The Apples in Stereo: Live at the Black Cat, 2/13/07

The Apples in Stereo have launched into space with a new album and a new tour, both of which are simultaneously welcome returns and open-ended departures. On hiatus since 2003 amid divergent musical and marital visions of head honcho Robert Schneider and drummer / now-ex-wife Hilarie Sidney, the band was bound for change after Sidney’s mid-session exit in 2006.

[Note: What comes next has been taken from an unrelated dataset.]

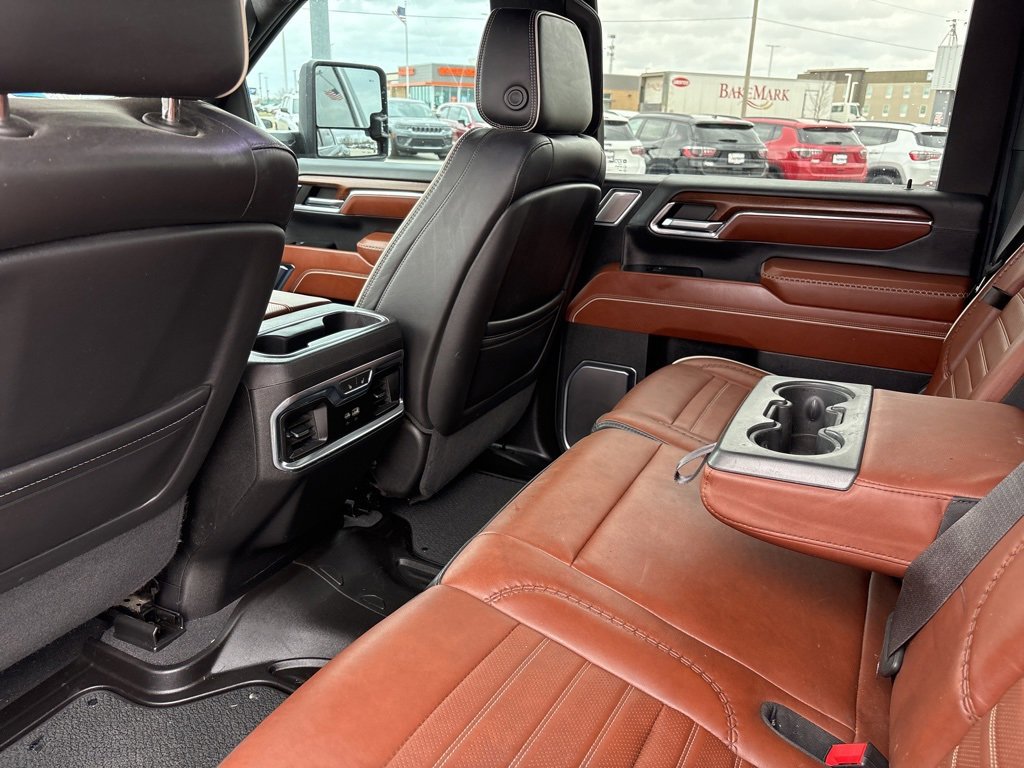 Used 2024 GMC Sierra 3500 Denali Ultimate image 36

The resulting record, New Magnetic Wonder, is an intricate 1970s-centric affair that diverges from previous poppy psychedelia and Nuggets-worthy nuggets. Complete with sticky Electric Light Orchestra harmonies and nods to the contemporary atmospherics of the Pernice Brothers and Phoenix, the songs are strong, fun, and engaging - but ultimately leave a sense that something is missing amid all of the orchestration. Would the newly-single Schneider be able to carry such a dense work on the road?

When new keyboardist John Ferguson walked onto the Black Cat’s stage with a B-movie spaceman outfit – complete with matching cape and top secret LED-powered goggles – I feared for the worst, but Schneider soon followed with moon boots, an armful of guitar pedals, and spiky male pattern baldness to tell me everything would be alright. The rhythm section’s entry groove soon yielded to “Skyway,” a galvanizing, crunchy head-bobber that would have led off the new album in a just world.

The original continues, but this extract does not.